O trabalho forçado durante a dominação colonial portuguesa teve “consequências terríveis” para o desenvolvimento dos países africanos de língua portuguesa, afirmou o Professor Miguel Bandeira Jerónimo numa entrevista á Voz da América.
Bandeira Jerónimo é autor da obra recente “Livros brancos, almas negas: a ´missão civilizadora´ do colonialismo português” em que aborda o fenómeno do “trabalho forçado” durante o império colonial português em África, algo que ainda hoje marca a situação nesses países.
A politica de trabalho forçado como “instrumento de civilização” levou a que fossem ignorados aspectos como a educação algo que só muito tardiamente as autoridades coloniais tentaram remediar.
Miguel Bandeira Jerónimo, professor visitante na Universidade de Brown, nos Estados Unidos, afirma que o trabalho forçado é o resultado daquilo que ele considera ser a pedra basilar e fundamental na emergência e consolidação do império português em África, nomeadamente a “racialização “ do mundo colonial.
“Racialização” disse ele, serve para descrever o modo como no interior de uma determinada sociedade se categorizam as populações do ponto de vista racial.
É também o modo como as instituições “ nomeadamente o estado colabora nesse processo” e no caso português as categorias raciais foram usadas para organizar o império.
O Professor Jerónimo fez uma distinção entre o modo como o estado e as instituições politicas pensavam “ de um ponto de vista racial” e o racismo.
O racismo, disse, “tem muito mais a ver com práticas de distinção e diferenciação e de discriminação racial enquanto que a racialização é um processo mais global”, embora “sejam questões associadas”.
Para o Professor Jerónimo o trabalho forçado “ foi uma constante” do império colonial português em África, abolido apenas oficialmente em 1961/62 “já muito próximo do fim do império”.

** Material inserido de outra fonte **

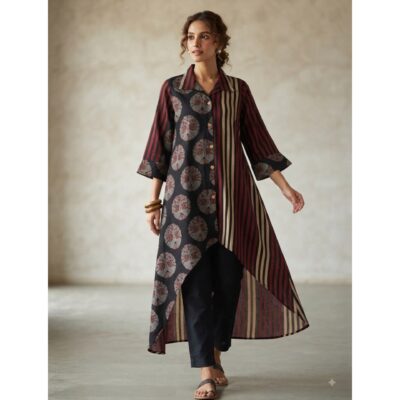 Evara- Ajrakh Fusion Print One Piece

A razão porque o trabalho forçado jogou um papel tão preponderante na política colonial portuguesa “tem muito a ver com o modo racializado” com que as autoridades políticas portuguesas pensaram o império.

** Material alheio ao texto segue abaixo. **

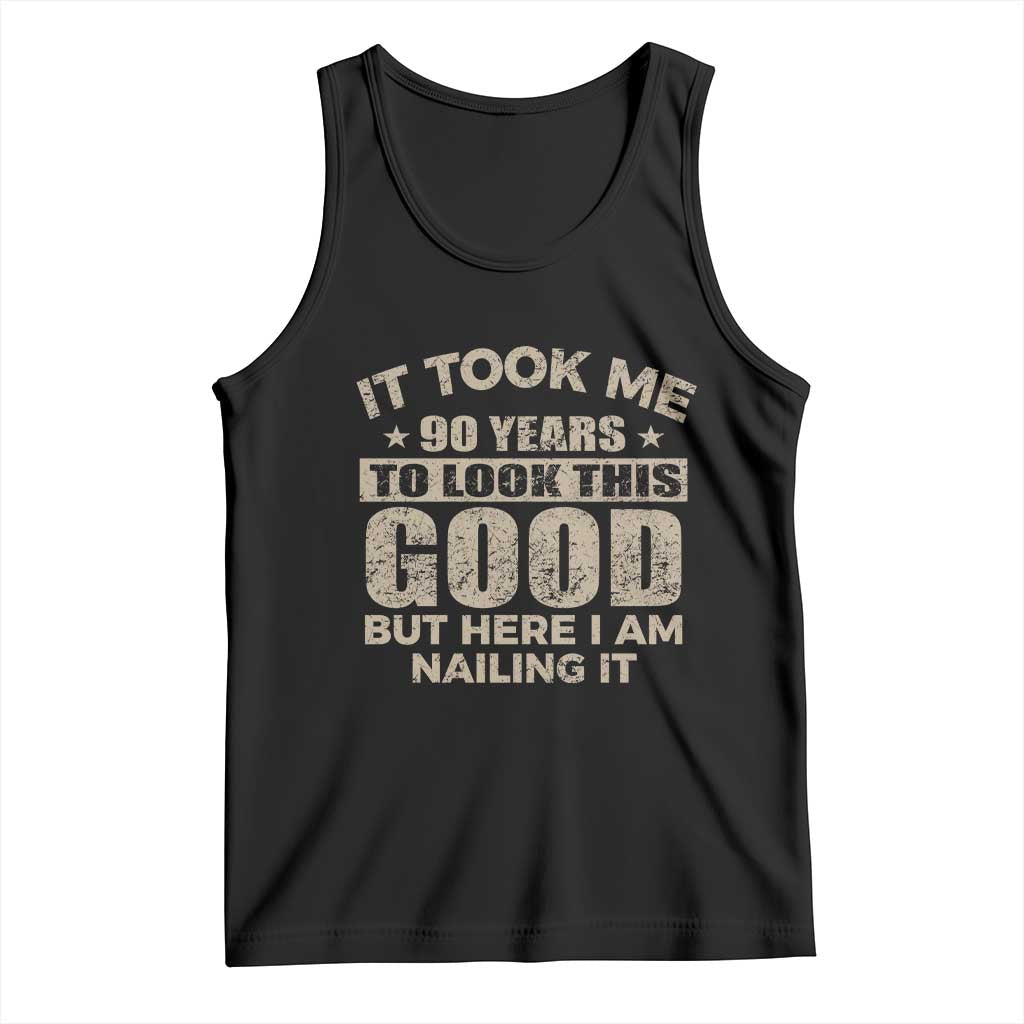 Funny 90th Birthday Tank Top Retro Grandpa Grandma Bday Gift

“O modo como se pensava que o trabalho forçado era um instrumento de civilização tinha muito a ver com um determinado conjunto de pressupostos raciais que governavam o espírito e as leis das autoridades e do estado português,” disse.
A “missão de civilização” do império português assentou essencialmente no trabalho “como única forma para civilizar as populações nativas”.
“É uma visão racializada e claramente racista que está na origem de uma determinada missão civilizadora que teria o trabalho forçado como instrumento fundamental,” acrescentou.
Essa visão está também associada à perspectiva do império como “um espaço de exploração económica”.
Essas duas perspectivas, acrescentou, “andaram sempre de mão dada” e seria um erro tentar separa-las.
“É impossível pensar uma sem associar a outra,” disse.
A aplicação do trabalho forçado foi feita através de instrumentos como o “imposto de palhota”, a “punição da vadiagem (muito utilizado e bastante arbitrário)”.
“Havia muitos métodos directos e indirectos para forçar os africanos a trabalhar ora para o estado ora para as empresas privadas,” disse o Professor Jerónimo.
Muitas vezes o trabalho forçado era “apenas um mecanismo indirecto do estado colonial português fornecer mão-de-obra às empresas privadas”.
O impacto desta política foi “muito negativo” já que “o que se apostou num mercado de trabalho forçado não se apostou por exemplo no desenvolvimento da instrução”.
“ O desenvolvimento de um sistema escolar no império português é muito, muito tardio,” disse o professor acrescentando que foi apenas nos anos 50 “ou mais significativamente nos anos 60” que isso aconteceu algo que descreveu de “muito tardio”.
“Isto tem consequências terríveis e claramente contribuiu para o sub desenvolvimento dos países que outrora fizeram parte do império português,” acrescentou.
Miguel Bandeira Jerónimo é professor visitante na Universidade de Brown aqui nos Estados Unidos onde se encontra com o apoio da Fundação Luso Americana para o Desenvolvimento, FLAD. É doutorado pelo King's College em Londres.